[Start of Attachment]

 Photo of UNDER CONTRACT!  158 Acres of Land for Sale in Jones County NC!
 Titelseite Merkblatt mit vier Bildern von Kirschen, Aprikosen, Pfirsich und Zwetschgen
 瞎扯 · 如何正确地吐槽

[End of Attachment]

§ **WHAT YOU HAVE TO DO**: Write the data back out verbatim.

§ **COMPLETED TASK**:
 Photo of UNDER CONTRACT!  158 Acres of Land for Sale in Jones County NC!
 Titelseite Merkblatt mit vier Bildern von Kirschen, Aprikosen, Pfirsich und Zwetschgen
 瞎扯 · 如何正确地吐槽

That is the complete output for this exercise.